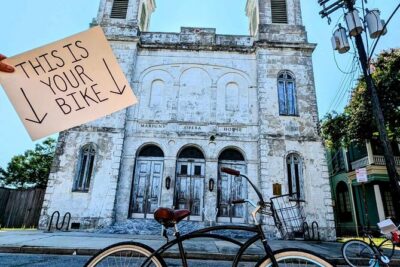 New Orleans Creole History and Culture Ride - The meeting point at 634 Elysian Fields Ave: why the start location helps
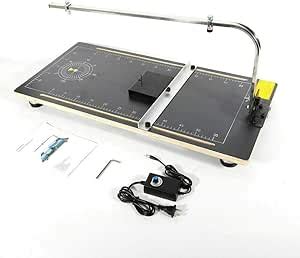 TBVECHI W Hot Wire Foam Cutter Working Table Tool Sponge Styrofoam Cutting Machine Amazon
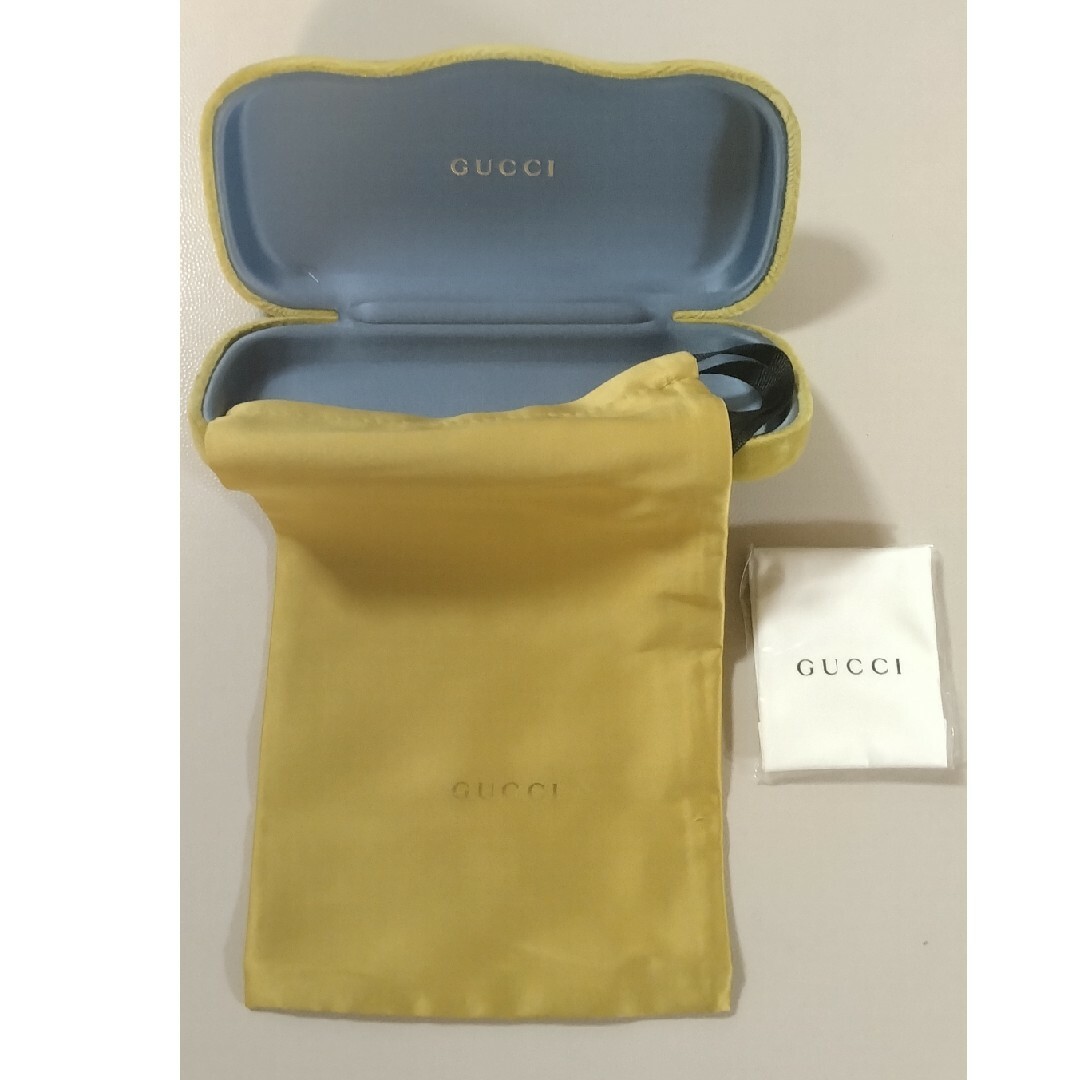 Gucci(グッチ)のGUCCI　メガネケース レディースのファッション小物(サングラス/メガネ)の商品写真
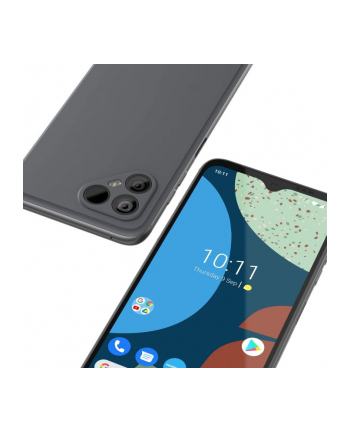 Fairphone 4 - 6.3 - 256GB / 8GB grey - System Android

---

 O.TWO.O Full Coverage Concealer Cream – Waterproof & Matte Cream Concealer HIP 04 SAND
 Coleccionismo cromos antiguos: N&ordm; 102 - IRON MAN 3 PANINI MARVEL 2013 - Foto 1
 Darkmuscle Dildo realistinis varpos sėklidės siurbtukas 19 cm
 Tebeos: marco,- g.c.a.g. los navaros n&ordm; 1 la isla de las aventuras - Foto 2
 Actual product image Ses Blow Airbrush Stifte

---

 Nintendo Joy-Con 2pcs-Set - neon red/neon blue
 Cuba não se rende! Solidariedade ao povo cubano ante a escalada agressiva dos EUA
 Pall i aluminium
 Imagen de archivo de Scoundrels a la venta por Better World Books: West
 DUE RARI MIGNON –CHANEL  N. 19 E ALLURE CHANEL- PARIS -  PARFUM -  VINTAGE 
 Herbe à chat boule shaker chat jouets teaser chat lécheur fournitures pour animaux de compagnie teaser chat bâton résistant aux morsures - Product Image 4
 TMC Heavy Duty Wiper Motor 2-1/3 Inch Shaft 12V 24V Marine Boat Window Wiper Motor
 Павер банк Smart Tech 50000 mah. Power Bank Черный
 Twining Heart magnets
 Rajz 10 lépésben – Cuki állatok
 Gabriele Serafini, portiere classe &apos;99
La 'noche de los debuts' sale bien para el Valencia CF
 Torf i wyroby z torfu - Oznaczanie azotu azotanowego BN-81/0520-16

**DIRECTIONS**
Copy range, inclusive: the line holding "Herbe à chat" to the line holding "Gabriele Serafini, portiere classe &apos;99". Reproduce exactly those lines of the records above and no others.

**ANSWER TO THIS EXERCISE**
 Herbe à chat boule shaker chat jouets teaser chat lécheur fournitures pour animaux de compagnie teaser chat bâton résistant aux morsures - Product Image 4
 TMC Heavy Duty Wiper Motor 2-1/3 Inch Shaft 12V 24V Marine Boat Window Wiper Motor
 Павер банк Smart Tech 50000 mah. Power Bank Черный
 Twining Heart magnets
 Rajz 10 lépésben – Cuki állatok
 Gabriele Serafini, portiere classe &apos;99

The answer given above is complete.